For the song, Gabriel won two Billboard Latin Music Awards in 2002 for Hot Latin Track of the Year and Latin Pop Airplay Track of the Year; he also received the Songwriter of the Year award. "Abrázame Muy Fuerte" was also awarded Pop Song of the Year at the 2002 Lo Nuestro Awards. In addition, it awarded Song of the Year at the 2001 El Premio de la Gente. It was recognized as "Super Song of the Year" at the ASCAP Latin Awards under the pop/ballad category in 2002. It was nominated Best Theme Song at the TVyNovelas Awards in 2001, but ultimately lost to "Enloqueceme" by OV7.

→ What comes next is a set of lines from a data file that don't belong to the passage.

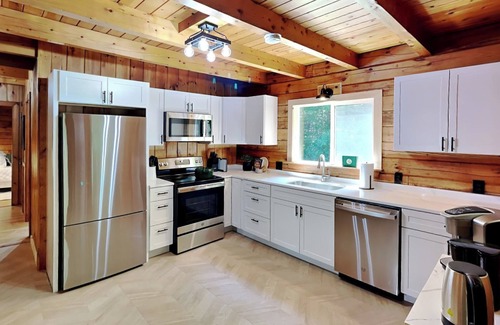 Bucksport Cabina | Bucksport Bliss A Luxe Log Cabin. Waterview & Private.
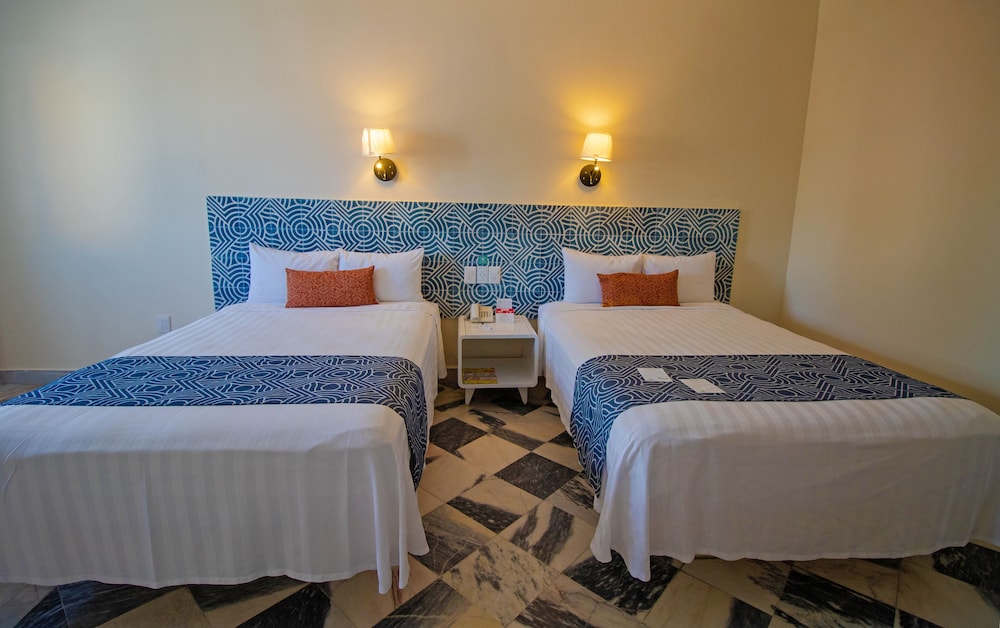 Oceano Palace Beach Hotel 11/50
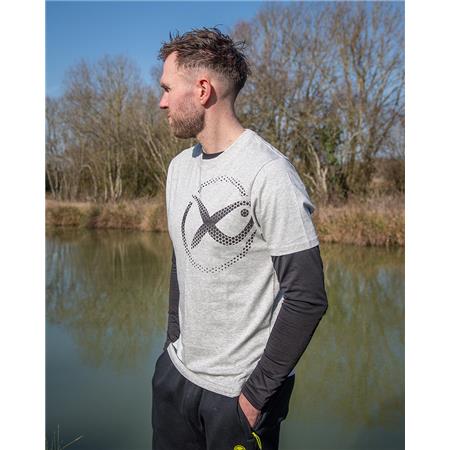 T-SHIRT TIL HERRE MED KORTE ÆRMER FOX MATRIX LARGE MESH LOGO T-SHIRT - GRÅ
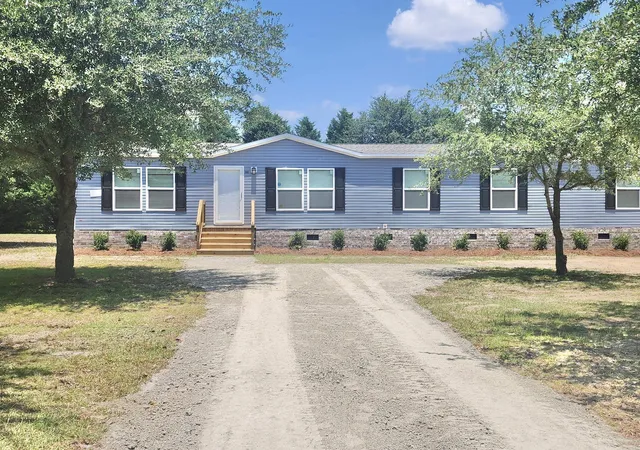 Homes for sale in Marion, SC | 2002 Warren's Loop, Marion, SC 29571 | MLS# 2607596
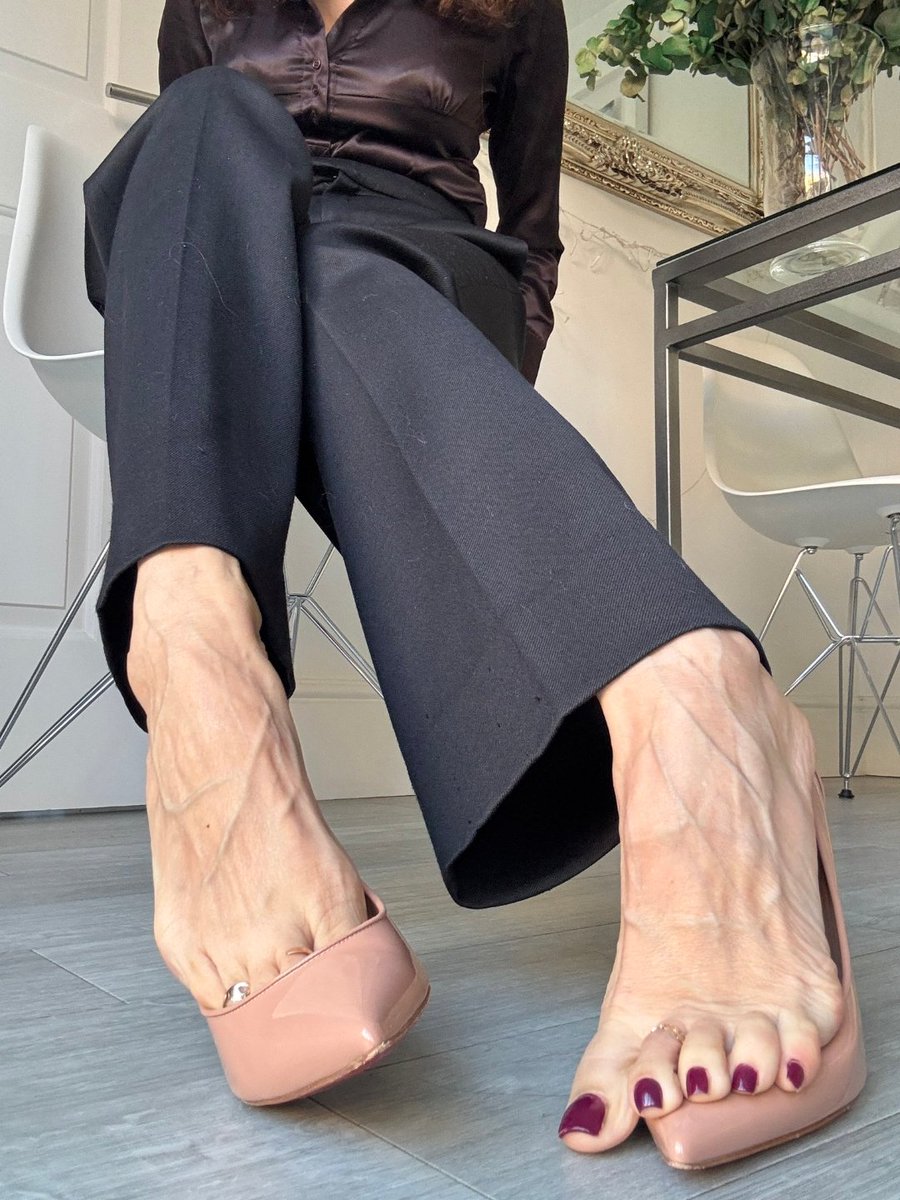 PrimeSoleStudio's tweet photo. Anyone else's mouth start watering 🥵
#prettyfeet #feet #feetworshi̇p #feetfetısh #footfetısh #prettytoes #sexyfeet #nailpolish #purpletoes https://t.co/EKzSJsy9Wk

Commercially, the song debuted in the Hot Latin Songs chart at number 38 in the week of 2 December 2000, climbing to the top ten three weeks later, peaking at number-one on 27 January 2001, holding this position for four weeks, being replaced by MDO's "Te Quisé Olvidar". "Abrázame Muy Fuerte" returned to the top of the chart the following week. The track was succeeded at number-one by "Sólo Quiero Amarte" performed by Puerto Rican singer Ricky Martin five weeks later. The song spent nine non-consecutive weeks at the top spot of the chart, and ended the year as the best performing Latin single of 2001. It also topped the Latin Pop Airplay subchart and ranked number one on its year-end chart.

== Charts ==

=== Weekly charts ===

Chart performance for "Abrázame Muy Fuerte"
| Chart (2001) | Peak position |
|---|---|
| US Bubbling Under Hot 100 (Billboard) | 9 |
| US Hot Latin Songs (Billboard) | 1 |
| US Latin Pop Airplay (Billboard) | 1 |
| US Regional Mexican Airplay (Billboard) | 2 |
| US Tropical Airplay (Billboard) | 6 |

=== Year-end charts ===

2001 year-end chart performance for "Abrázame Muy Fuerte"
| Chart (2001) | Position |
|---|---|
| US Hot Latin Songs (Billboard) | 1 |
| US Latin Pop Airplay (Billboard) | 1 |
| US Regional Mexican Airplay (Billboard) | 24 |
| US Tropical Airplay (Billboard) | 31 |

===Decade-end charts===

2000s decade-end chart performance for "Abrázame Muy Fuerte"
| Chart (2000–2009) | Position |
|---|---|
| US Hot Latin Songs (Billboard) | 10 |
| US Latin Pop Airplay (Billboard) | 10 |

===All-time charts===

All-time chart performance for "Abrázame Muy Fuerte"
| Chart (2021) | Position |
|---|---|
| US Hot Latin Songs (Billboard) | 11 |

==Certifications==

Certifications for "Abrázame Muy Fuerte"
| Region | Certification | Certified units/sales |
| Mexico (AMPROFON) | 2× Diamond+2× Platinum+Gold | 750,000^{‡} |
| United States (RIAA) | Gold | 500,000^{‡} |
^{‡} Sales+streaming figures based on certification alone.